> Exercise brief: Transcribe the data exactly. Pictures stay out.
*** Stored data ***
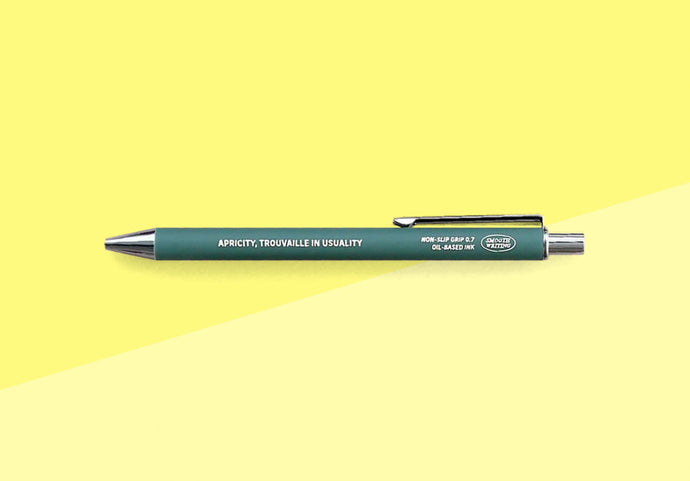 ICONIC - Non-Slip Smooth Ballpoint Pen 0.7 - Green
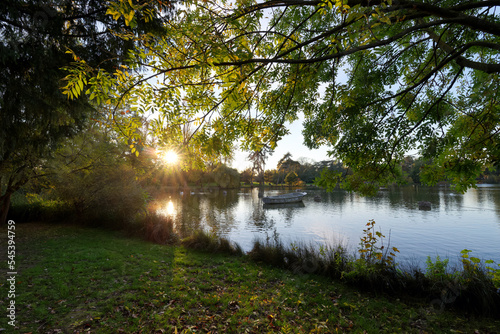 Daumesnil lake in autumn season.. Paris 12th arrondissement 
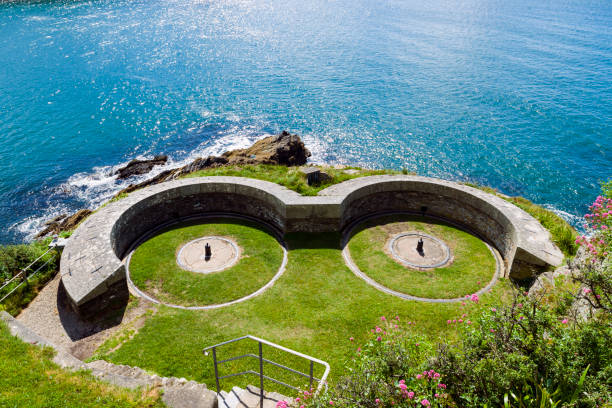 st. catherines castle, readymoney com vista para fowey na cornualha - outpost - fotografias e filmes do acervo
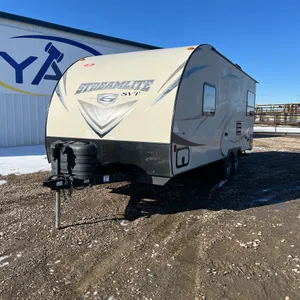 2017 GULFSTREAM STREAMLITE BUMPER HITCH CAMPER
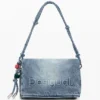Mittlere Denim-Tasche mit Anhängern Mittlere Denim-Tasche mit Anhängern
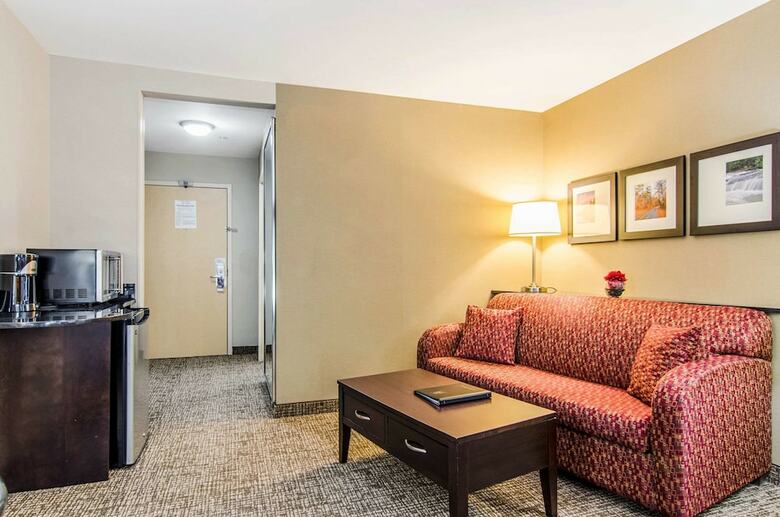 Hotel Comfort Suites Bentonville - Rogers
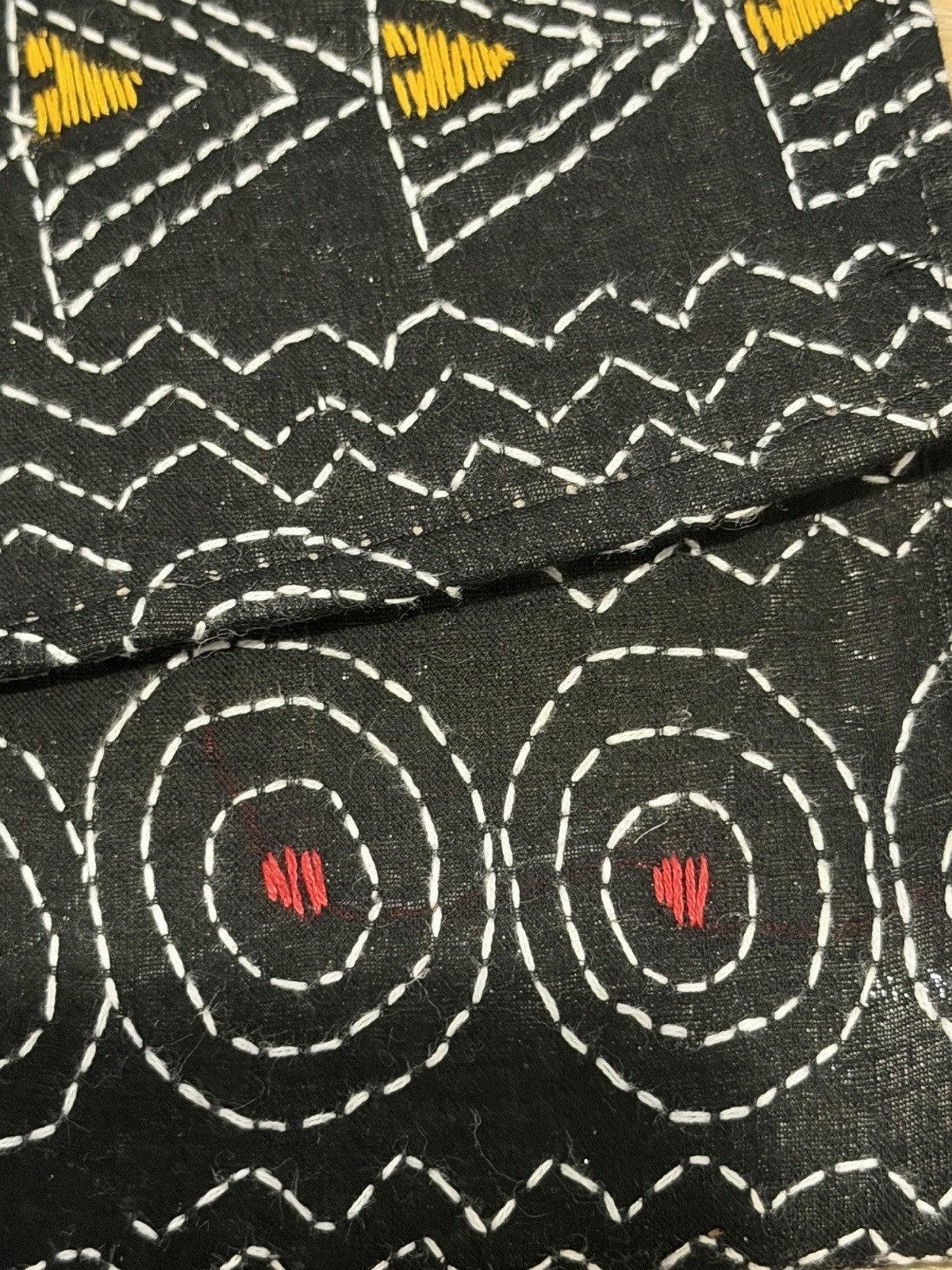 Exclusive Authentic Unique stitch hand-embroidered black clutch bag Purse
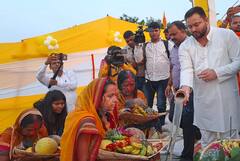 Chhath Puja 2022: সপ্তমীর সূর্যোদয়কালে ছটের ব্রতপালন, মহা সমারোহ ঘাটে ঘাটে, এ পুজোর কী ফল?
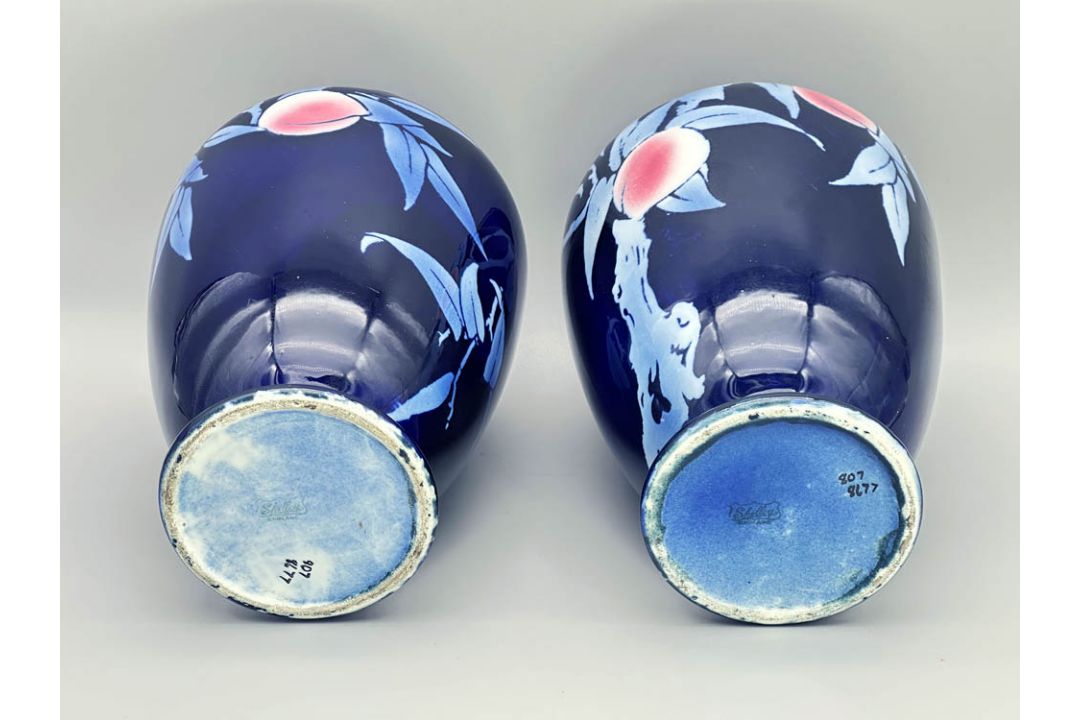 Pair of Shelley ware Peaches or Japanese Fruit design Vases, pattern no 8677, 1930s - Image 7 of 10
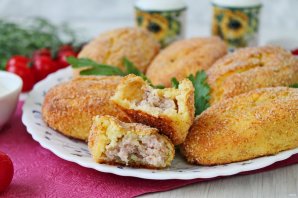 Зразы картофельные с мясом в духовке - фото шаг 10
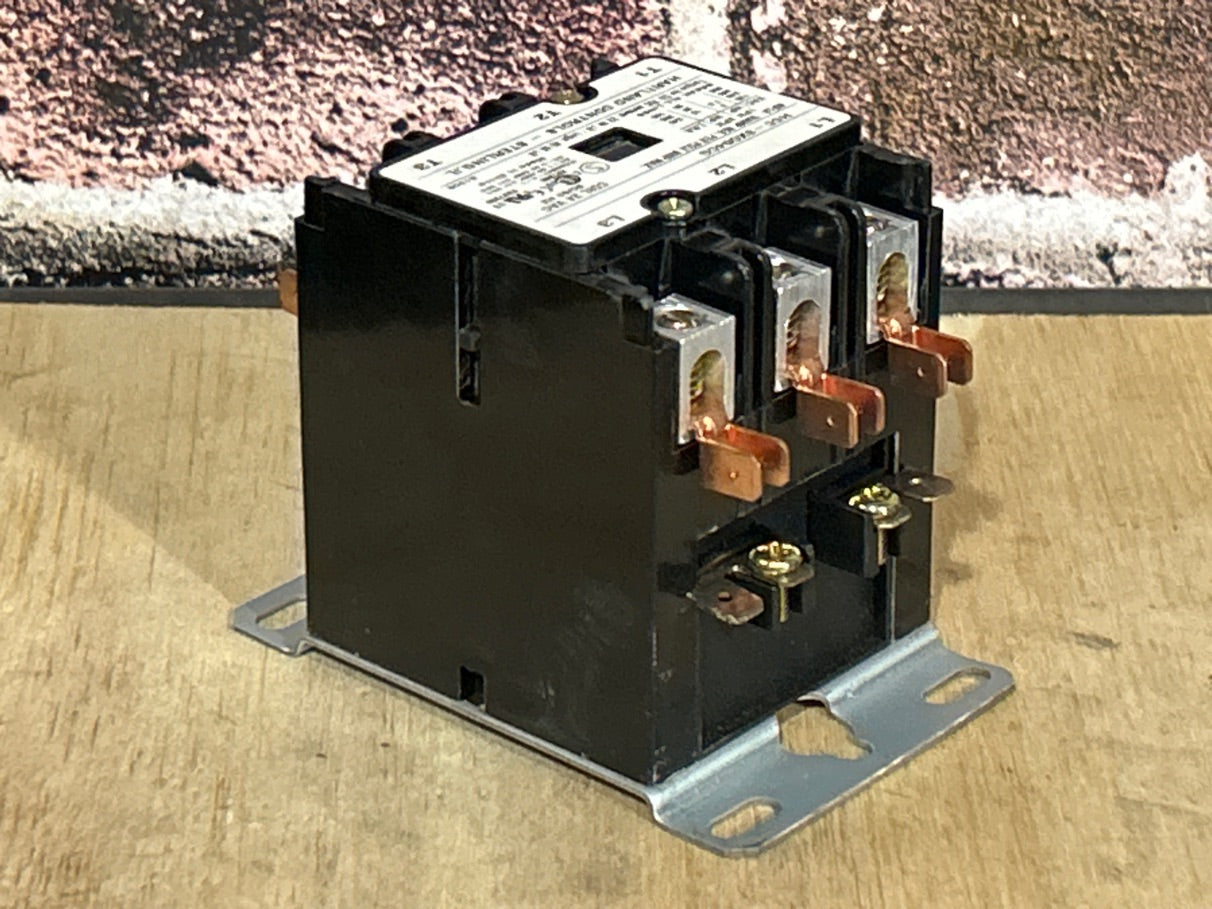 24 V, 50/60 Hz, 40 Amps 3 Pole Contactor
*** End of Stored data ***
> Expected output:
 ICONIC - Non-Slip Smooth Ballpoint Pen 0.7 - Green
 Daumesnil lake in autumn season.. Paris 12th arrondissement 
 st. catherines castle, readymoney com vista para fowey na cornualha - outpost - fotografias e filmes do acervo
 2017 GULFSTREAM STREAMLITE BUMPER HITCH CAMPER
Mittlere Denim-Tasche mit Anhängern Mittlere Denim-Tasche mit Anhängern
 Hotel Comfort Suites Bentonville - Rogers
 Exclusive Authentic Unique stitch hand-embroidered black clutch bag Purse
 Chhath Puja 2022: সপ্তমীর সূর্যোদয়কালে ছটের ব্রতপালন, মহা সমারোহ ঘাটে ঘাটে, এ পুজোর কী ফল?
 Pair of Shelley ware Peaches or Japanese Fruit design Vases, pattern no 8677, 1930s - Image 7 of 10
 Зразы картофельные с мясом в духовке - фото шаг 10
 24 V, 50/60 Hz, 40 Amps 3 Pole Contactor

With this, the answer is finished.